§ HOW TO COMPLETE THIS TASK
Below this line are records; write out exactly the lines from the one containing "Tem ép kim yến sào dán hũ thủy tinh" through the one containing "Adaptador 9V DC 1A para pedales guitarra", with the pictures left out.

§ MATERIALS PROVIDED
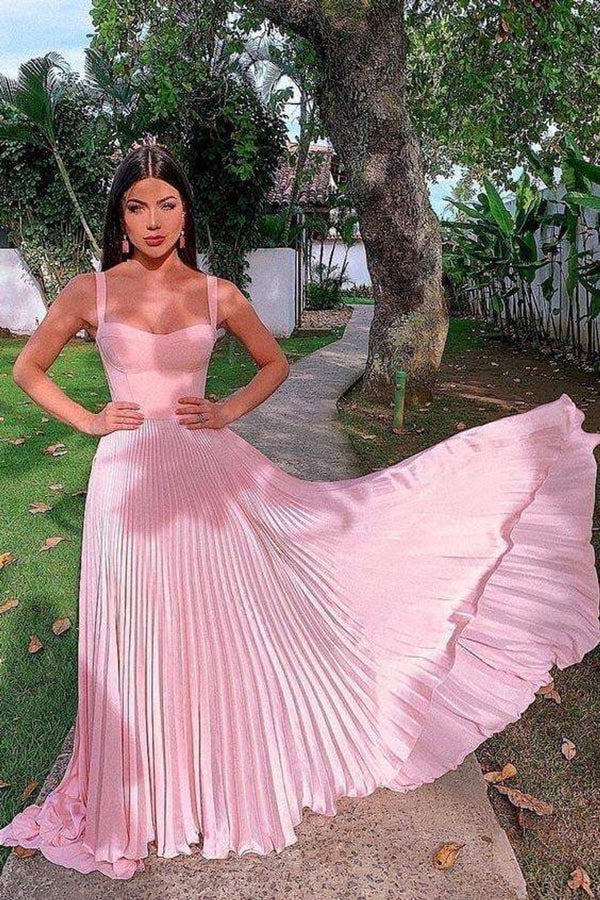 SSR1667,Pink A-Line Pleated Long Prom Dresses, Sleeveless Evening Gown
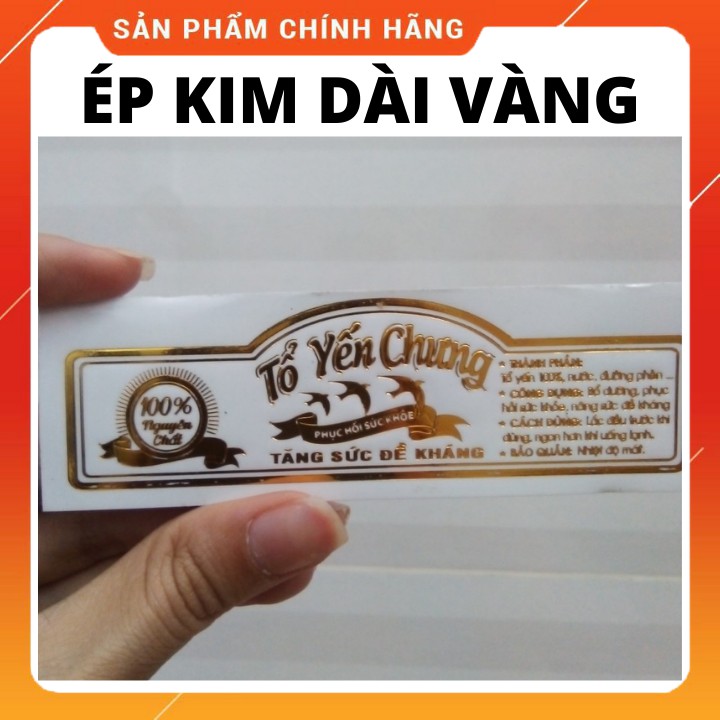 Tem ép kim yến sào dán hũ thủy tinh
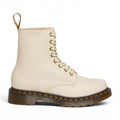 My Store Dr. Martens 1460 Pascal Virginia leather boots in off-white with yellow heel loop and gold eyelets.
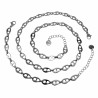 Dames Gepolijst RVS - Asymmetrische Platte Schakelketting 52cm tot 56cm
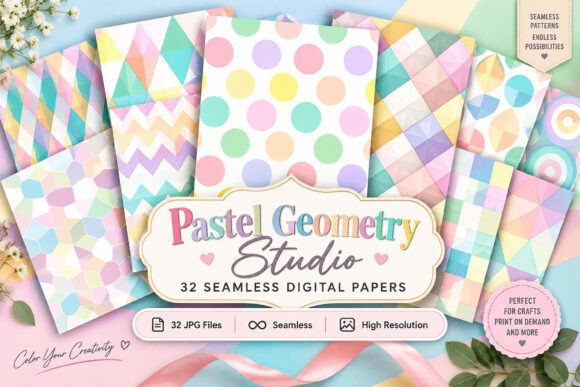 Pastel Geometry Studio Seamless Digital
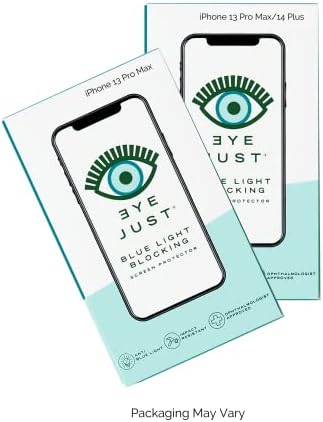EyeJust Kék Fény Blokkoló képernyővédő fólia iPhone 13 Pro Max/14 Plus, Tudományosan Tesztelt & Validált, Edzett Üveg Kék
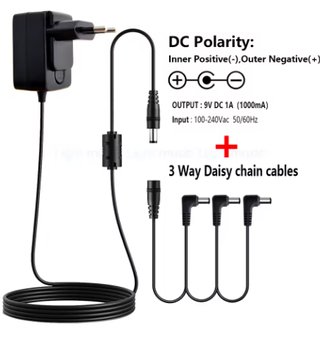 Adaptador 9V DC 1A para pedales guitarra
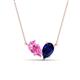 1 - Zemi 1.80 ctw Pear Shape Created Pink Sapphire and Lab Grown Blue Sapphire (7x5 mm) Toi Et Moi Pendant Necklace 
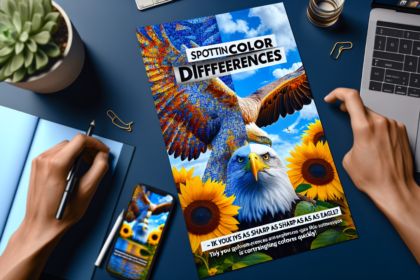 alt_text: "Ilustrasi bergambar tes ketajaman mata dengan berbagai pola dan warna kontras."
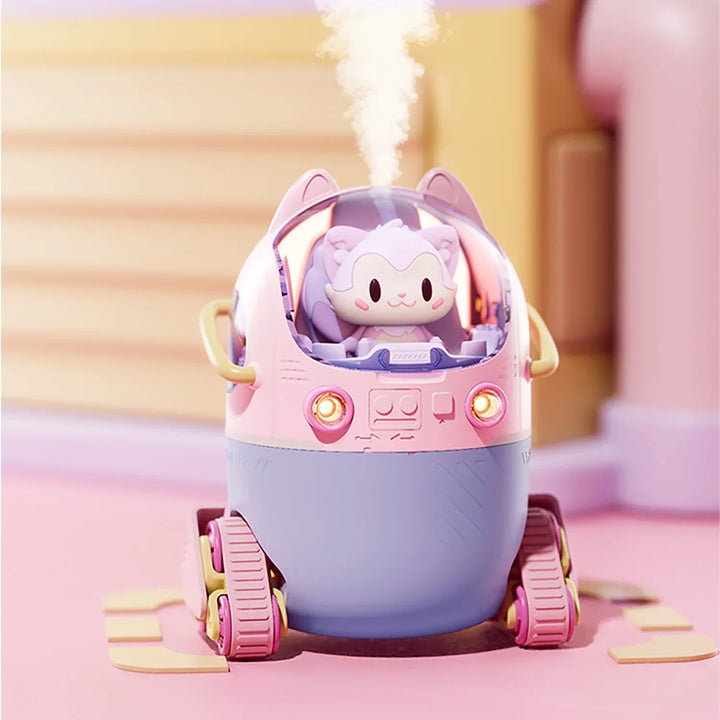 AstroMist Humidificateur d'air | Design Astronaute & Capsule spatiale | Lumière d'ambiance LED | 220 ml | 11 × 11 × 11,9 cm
---
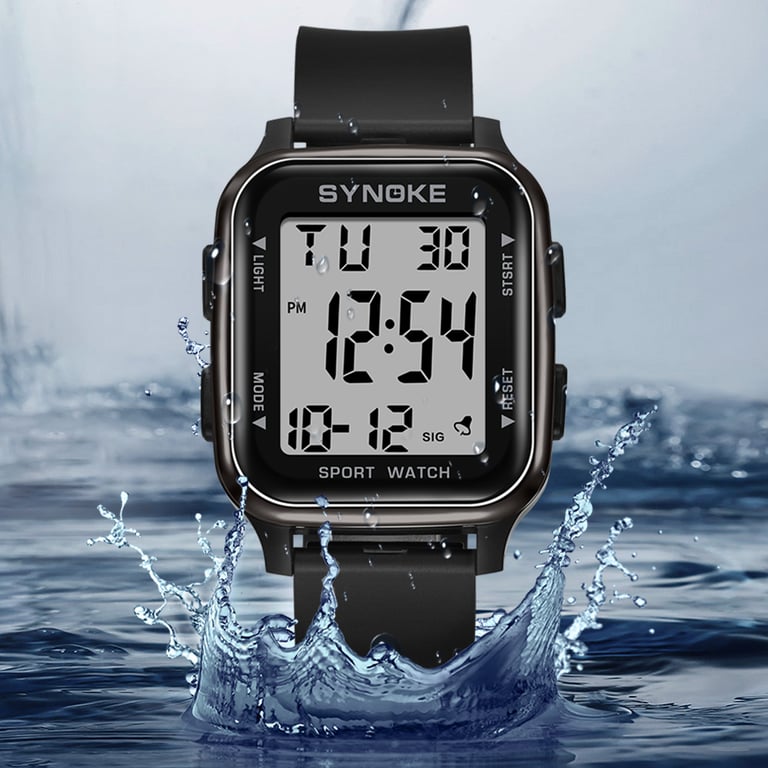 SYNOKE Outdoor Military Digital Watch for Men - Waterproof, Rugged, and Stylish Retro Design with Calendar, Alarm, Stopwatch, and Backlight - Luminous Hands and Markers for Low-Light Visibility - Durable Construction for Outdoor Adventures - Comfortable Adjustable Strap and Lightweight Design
...
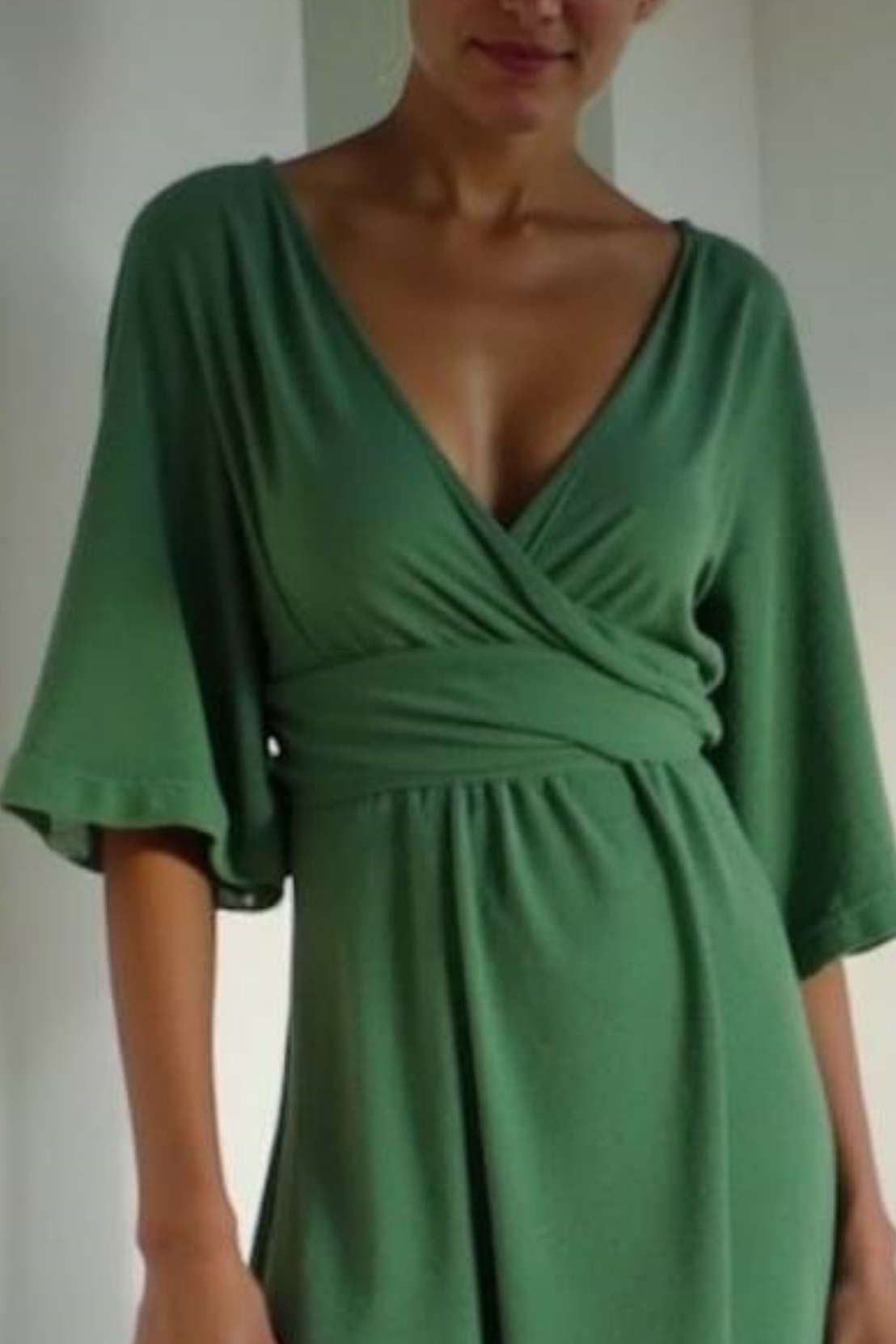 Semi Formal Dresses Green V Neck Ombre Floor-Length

§ THE COMPLETED TASK
 Tem ép kim yến sào dán hũ thủy tinh
 My Store Dr. Martens 1460 Pascal Virginia leather boots in off-white with yellow heel loop and gold eyelets.
 Dames Gepolijst RVS - Asymmetrische Platte Schakelketting 52cm tot 56cm
 Pastel Geometry Studio Seamless Digital
EyeJust Kék Fény Blokkoló képernyővédő fólia iPhone 13 Pro Max/14 Plus, Tudományosan Tesztelt & Validált, Edzett Üveg Kék
 Adaptador 9V DC 1A para pedales guitarra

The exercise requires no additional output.